第34回 談話会 (2008年5月29日/グローバルCOE 第2回 若手の会談話会)
ロボットと自閉症療育の接点
小嶋 秀樹 氏(情報通信研究機構知識創成コミュニケーション研究センター・主任研究員)
キーポンという独自に開発したロボットを駆使して、大変ユニークな自閉症療育の試みをされている小嶋秀樹先生にお話を伺った。自閉症の人たちは他人とのコミュニケーションを非常に苦手とする一方で、モノとのやり取りには独自の選好を示すことが知られている。小嶋先生は、ヒトとモノの中間に存在するロボットとのやり取りを通じて、自閉症の子供たちに他人に対する興味や、様々なコミュニケーションのスキルを獲得させられるのではないかという、非常に野心的な取り組みを行っている。講演の話は、社会性に関する理論的、哲学的考察やロボットの開発の苦労話を聞かせて頂いた後、実際の自閉症療育の様子を動画で見せて頂いた。非常に聴きごたえ、見ごたえがある講演であった。特に他人に無関心であった自閉症の子どもがキーポンを通じて、周りの他者に興味を持つようになっていく過程は非常に興奮を覚えるものであった。多くの療育研究は経験論にもとづくものが多い中で、小嶋先生は心理フィルタ理論という明確な理論にもとづいて療育の研究をされていることも非常に印象的であった。また従来のロボットのイメージからは大きく逸脱したキーポンのかわいらしい外見と動きは、ロボット研究も盛んに行われている玉川大学の研究者に大きなインスピレーションを与えたものと思われる。

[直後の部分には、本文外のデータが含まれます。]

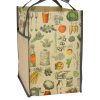 View Image 2 of 4 of Matte Laminated Vintage Design Grocery Tote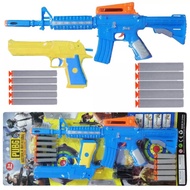 Blaster Gun Air Nerf Toy Gun Bundle Game With Suction Bullets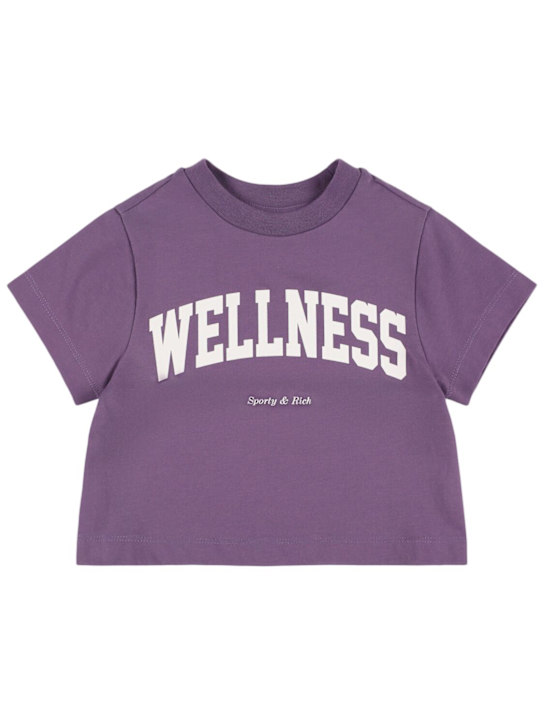 Sporty & Rich: Wellness Ivy コットンブレンドTシャツ - kids-girls_0 | Luisa Via Roma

ロボットというこれまで自閉症の教育臨床とは無縁であった対象を、教育臨床のフィールドに大胆に持ち込んだ小嶋先生の研究は先駆的なものであり、大変刺激を受けることができた。自分も自閉症の方々を対象にした研究を行っているということもあり、様々なインスピレーションや今後の自閉症研究に関する示唆を小嶋先生の講演から受けることができた。特に、講演会に先立ち自分の研究を小嶋先生にプレゼンする機会を与えてもらい、様々な有益なアドバイスをいただくことができたことは非常に貴重な機会であった。また講演会後の懇親会では、よりリラックスした形で色々とお話することが出来たのも、若手の会ならではのことであったと思われる。このように国際的にも注目を浴びている小嶋先生であるが、玉川大学若手の会という場において、非常に近い距離で密に議論出来たことは大変貴重であり、本会を通して多くの刺激を受けることができた。ロボットと自閉症という小嶋先生が発表されたテーマは、玉川大学グローバルCOEの主要テーマである社会性というテーマを追求するうえで非常に多くの示唆を与えるテーマであり、グローバルCOE全体の研究の活性化にも非常に有益であったと考えられる講演会であった。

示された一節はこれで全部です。